**Data excerpt**:
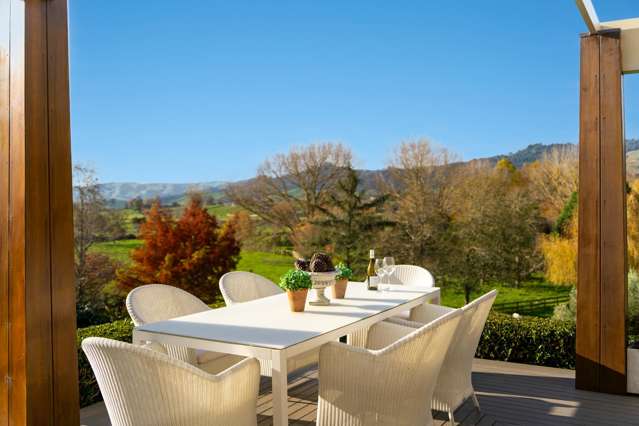Lifestyle near Cambridge - Price Reduced to Sell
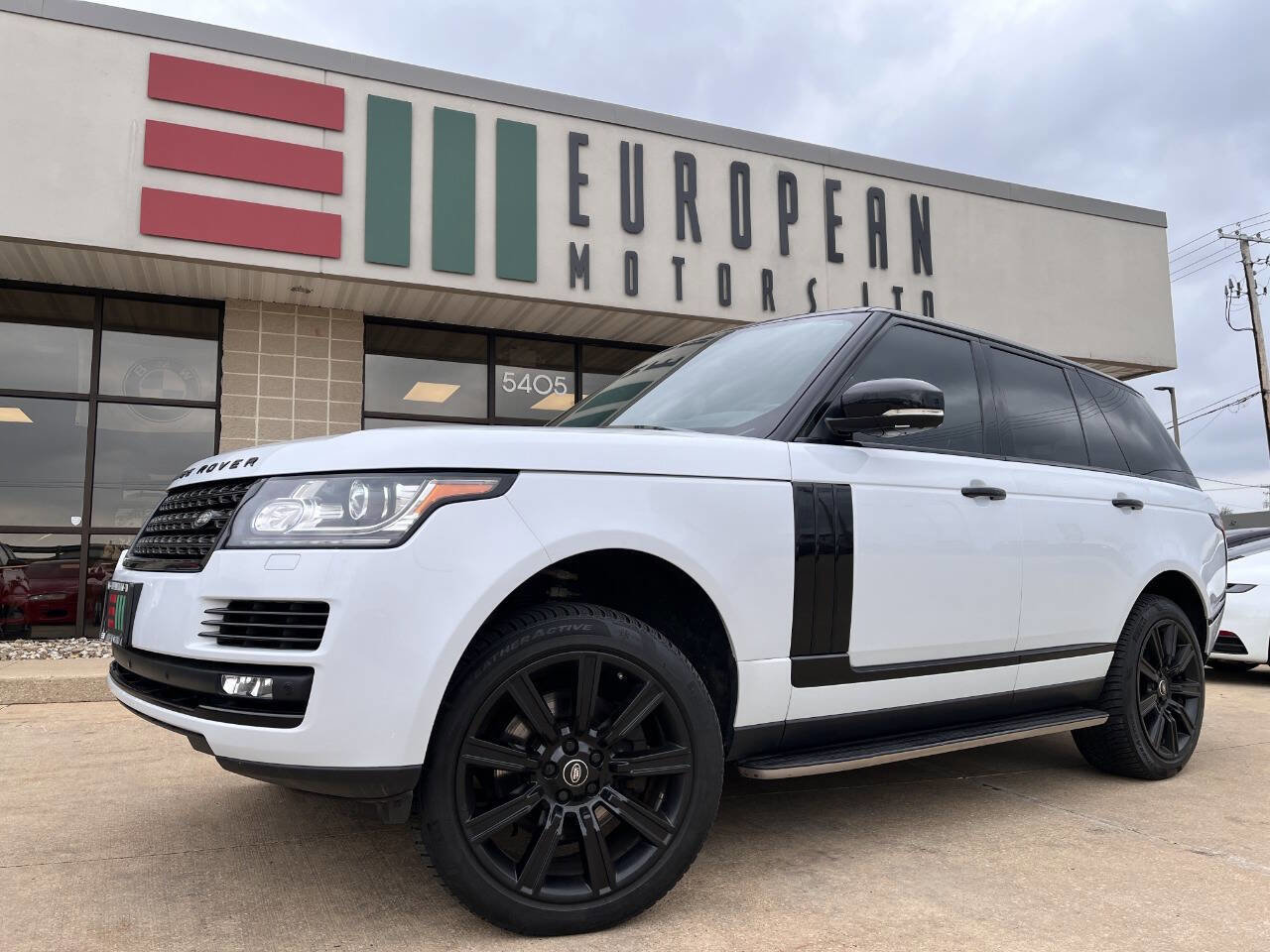 Used 2016 Land Rover Range Rover HSE image 1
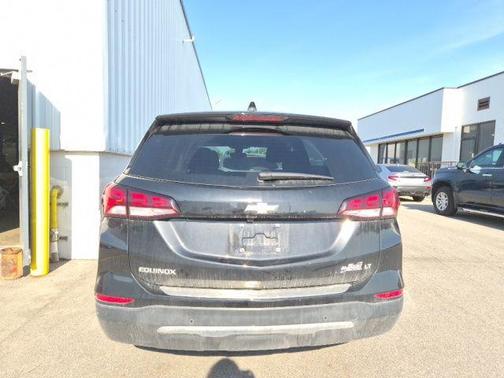 Mosaic Black Metallic 2024 Chevrolet Equinox LT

**Required work**: From the first line to the last, retype the material exactly and exclude the pictures.

**Answer box**:
Lifestyle near Cambridge - Price Reduced to Sell
 Used 2016 Land Rover Range Rover HSE image 1
 Mosaic Black Metallic 2024 Chevrolet Equinox LT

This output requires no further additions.